Here are the slides that I presented at XML Prague 2011.

Below are the slides that I presented at XML Prague this morning, with a few snippes of commentary before each one. I'm not sure how valuable they are, but… You may get more milage out of just reading the draft report.

I don't have conclusions yet, so I'll ask for help instead.


  • History

  • Use Cases

  • Conclusions

  • Ask for your help

Foil #1

I don't claim to be speaking for anyone. I'll try not to say inflamatory things, but my biases may show.

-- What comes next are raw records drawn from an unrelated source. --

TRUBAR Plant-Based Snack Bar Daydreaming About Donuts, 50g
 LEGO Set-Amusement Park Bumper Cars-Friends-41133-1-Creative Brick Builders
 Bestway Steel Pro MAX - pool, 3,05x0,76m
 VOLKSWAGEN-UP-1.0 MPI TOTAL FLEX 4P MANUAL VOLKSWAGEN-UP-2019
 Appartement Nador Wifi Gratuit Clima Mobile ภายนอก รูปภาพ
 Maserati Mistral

Facts are facts. But any opinions expressed are the opinions only of myself and may or may not reflect the opinions of anybody else with whom I may or may not have discussed the issues at hand.

Jim Melton

In particular, I do not claim that what follows is necessarily the consensus opinion of the HTML/XML Task Force.

Foil #2

In the beginning, there was SGML.

History (In the beginning…)

Foil #3

HTML came from SGML. Sort of. Although it was specified as an SGML application, it was never broadly implemented that way.

History (HTML)

Foil #4

XML did really come from SGML. You can parse XML with an SGML parser if you fiddle the SGML declaration in the right way.

History (XML)

Foil #5

The next logical step was to combine HTML and XML.

History (XHTML)

Foil #6

That might have formed the basis of HTML5.

History (Alternative history 1)

Foil #7

But it didn't.

History (Bzzzt! No! …)

Foil #8

Alternatively, we could have adjusted XML to better meet the HTML use cases.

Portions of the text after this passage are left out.